The owner of a private Tunisian TV station has been fined for showing a controversial animated film.
The award-winning French-American film, Persepolis, has been denounced as blasphemous by radical Muslims. The case of Nabib Karoui had been seen as an important test of free speech in Tunisia, where last year's popular uprising inspired the Arab Spring.
When the film was broadcast last October, Islamist militants attacked the offices of the TV station, Nessma.
Depicting Allah
The court has ordered Karoui to pay 2,400 dinars ($1,700; £1,000).
In its ruling the court said the judgement was for "broadcasting a film that disturbs public order and threatens proper morals".

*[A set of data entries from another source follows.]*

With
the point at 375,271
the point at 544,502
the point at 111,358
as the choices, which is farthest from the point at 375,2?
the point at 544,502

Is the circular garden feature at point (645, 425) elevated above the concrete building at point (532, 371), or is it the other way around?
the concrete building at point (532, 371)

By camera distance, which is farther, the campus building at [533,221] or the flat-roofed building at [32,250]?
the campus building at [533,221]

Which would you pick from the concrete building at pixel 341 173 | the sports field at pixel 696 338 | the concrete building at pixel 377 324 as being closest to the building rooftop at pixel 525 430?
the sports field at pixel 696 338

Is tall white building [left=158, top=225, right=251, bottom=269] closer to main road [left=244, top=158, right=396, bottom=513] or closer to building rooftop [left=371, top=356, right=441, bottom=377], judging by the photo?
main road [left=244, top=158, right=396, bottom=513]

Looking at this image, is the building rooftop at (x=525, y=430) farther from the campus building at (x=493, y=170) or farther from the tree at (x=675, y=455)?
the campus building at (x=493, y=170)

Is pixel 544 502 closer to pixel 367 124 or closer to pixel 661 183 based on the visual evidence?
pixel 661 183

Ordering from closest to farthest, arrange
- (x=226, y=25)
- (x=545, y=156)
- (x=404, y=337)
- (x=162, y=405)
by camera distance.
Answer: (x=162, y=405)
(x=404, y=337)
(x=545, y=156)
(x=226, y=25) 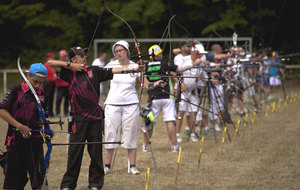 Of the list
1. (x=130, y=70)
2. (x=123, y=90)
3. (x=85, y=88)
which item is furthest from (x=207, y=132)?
(x=130, y=70)

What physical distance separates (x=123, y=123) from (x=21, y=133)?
219cm

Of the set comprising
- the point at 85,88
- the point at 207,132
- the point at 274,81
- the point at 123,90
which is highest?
the point at 85,88

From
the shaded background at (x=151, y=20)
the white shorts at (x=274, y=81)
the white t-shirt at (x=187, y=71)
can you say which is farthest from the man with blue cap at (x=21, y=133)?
the shaded background at (x=151, y=20)

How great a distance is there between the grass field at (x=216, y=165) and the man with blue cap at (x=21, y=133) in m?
0.25

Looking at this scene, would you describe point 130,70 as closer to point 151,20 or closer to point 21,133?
point 21,133

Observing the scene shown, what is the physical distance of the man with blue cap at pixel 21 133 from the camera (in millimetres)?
5055

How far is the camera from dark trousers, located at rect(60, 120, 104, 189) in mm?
5980

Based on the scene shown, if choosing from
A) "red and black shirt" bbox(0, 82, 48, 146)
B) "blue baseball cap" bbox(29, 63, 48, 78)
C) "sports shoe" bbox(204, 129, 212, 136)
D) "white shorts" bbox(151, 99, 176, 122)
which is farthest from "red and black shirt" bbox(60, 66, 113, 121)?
"sports shoe" bbox(204, 129, 212, 136)

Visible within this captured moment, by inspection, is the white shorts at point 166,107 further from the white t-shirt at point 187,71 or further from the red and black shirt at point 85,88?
the red and black shirt at point 85,88

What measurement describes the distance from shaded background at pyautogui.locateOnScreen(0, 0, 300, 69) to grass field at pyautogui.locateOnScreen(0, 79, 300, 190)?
14.6 m

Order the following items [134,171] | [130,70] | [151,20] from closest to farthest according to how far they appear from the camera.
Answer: [130,70], [134,171], [151,20]

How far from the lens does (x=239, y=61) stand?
1059 cm

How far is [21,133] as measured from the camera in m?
4.96

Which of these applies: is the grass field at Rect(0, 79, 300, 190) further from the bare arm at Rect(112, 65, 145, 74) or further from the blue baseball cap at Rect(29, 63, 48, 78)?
the bare arm at Rect(112, 65, 145, 74) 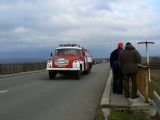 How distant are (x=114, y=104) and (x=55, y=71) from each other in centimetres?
1493

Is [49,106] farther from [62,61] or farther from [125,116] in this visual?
[62,61]

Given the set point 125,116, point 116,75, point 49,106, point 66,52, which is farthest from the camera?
point 66,52

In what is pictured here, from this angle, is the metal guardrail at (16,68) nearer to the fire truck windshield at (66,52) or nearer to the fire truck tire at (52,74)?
the fire truck tire at (52,74)

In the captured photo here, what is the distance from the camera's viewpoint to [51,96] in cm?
1677

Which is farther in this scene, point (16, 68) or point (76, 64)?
point (16, 68)

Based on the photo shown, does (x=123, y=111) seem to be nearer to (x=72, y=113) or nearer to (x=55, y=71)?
(x=72, y=113)

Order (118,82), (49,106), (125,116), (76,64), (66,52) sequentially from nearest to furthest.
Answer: (125,116)
(49,106)
(118,82)
(76,64)
(66,52)

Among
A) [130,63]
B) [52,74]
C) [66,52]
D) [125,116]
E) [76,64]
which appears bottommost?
[125,116]

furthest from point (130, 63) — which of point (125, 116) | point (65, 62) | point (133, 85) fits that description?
point (65, 62)

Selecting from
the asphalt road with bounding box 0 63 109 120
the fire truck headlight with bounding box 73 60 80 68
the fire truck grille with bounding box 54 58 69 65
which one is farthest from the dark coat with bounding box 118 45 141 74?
the fire truck grille with bounding box 54 58 69 65

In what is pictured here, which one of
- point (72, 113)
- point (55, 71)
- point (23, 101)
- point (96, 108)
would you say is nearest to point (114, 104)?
point (96, 108)

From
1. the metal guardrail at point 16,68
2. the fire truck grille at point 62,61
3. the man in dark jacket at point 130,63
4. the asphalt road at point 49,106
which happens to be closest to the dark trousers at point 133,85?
the man in dark jacket at point 130,63

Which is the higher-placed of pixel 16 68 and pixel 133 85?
pixel 16 68

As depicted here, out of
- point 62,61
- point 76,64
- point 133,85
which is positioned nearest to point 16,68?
point 62,61
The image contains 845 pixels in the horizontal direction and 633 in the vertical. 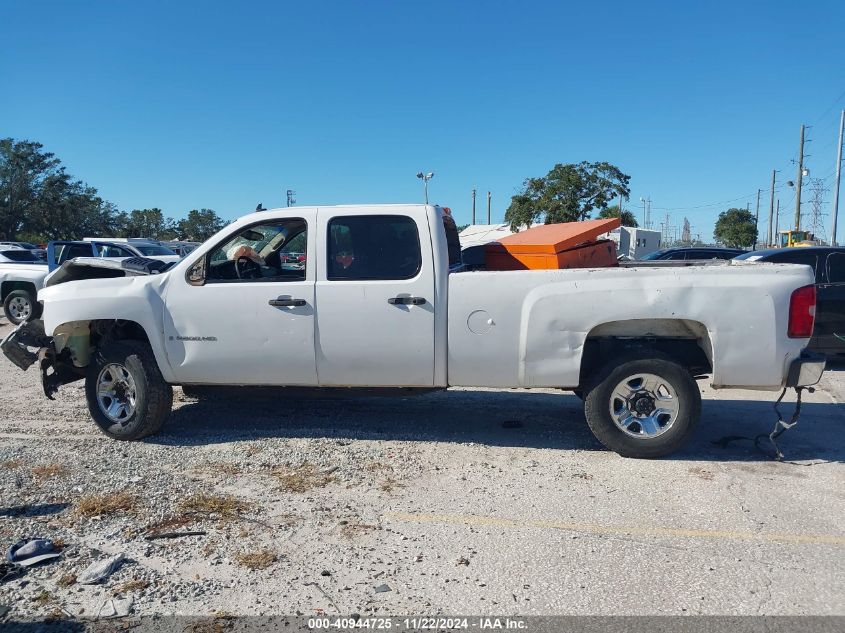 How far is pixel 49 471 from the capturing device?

A Nessma technician and another station official were also both fined 1,200 dinars.
The 2007 film recounts the Iranian revolution and its aftermath through the eyes of a young girl.
It also includes a scene depicting Allah, whose portrayal is forbidden in Islam.
The fine was substantially less severe than the prison term demanded by Karoui's Islamist opponents.
Some Salafists - followers of an ultra-conservative school of Islam - said the television boss should be executed.
The charges against him carried a possible sentence of up to three years in prison.
Karoui - who was not in court for the judgement - has described his case as a key test for freedom of expression in the country.
Speaking ahead of the verdict, Karoui that despite the case he believed the situation in Tunisia had improved.
"I don't think the situation is dramatic - we have hope and we are defending ourselves. We never had freedom of speech like this, since 50 years... we can talk, we can criticise the government, we can film the people who aggress us and sue them. Of course sometimes we win, sometimes we lose," he said.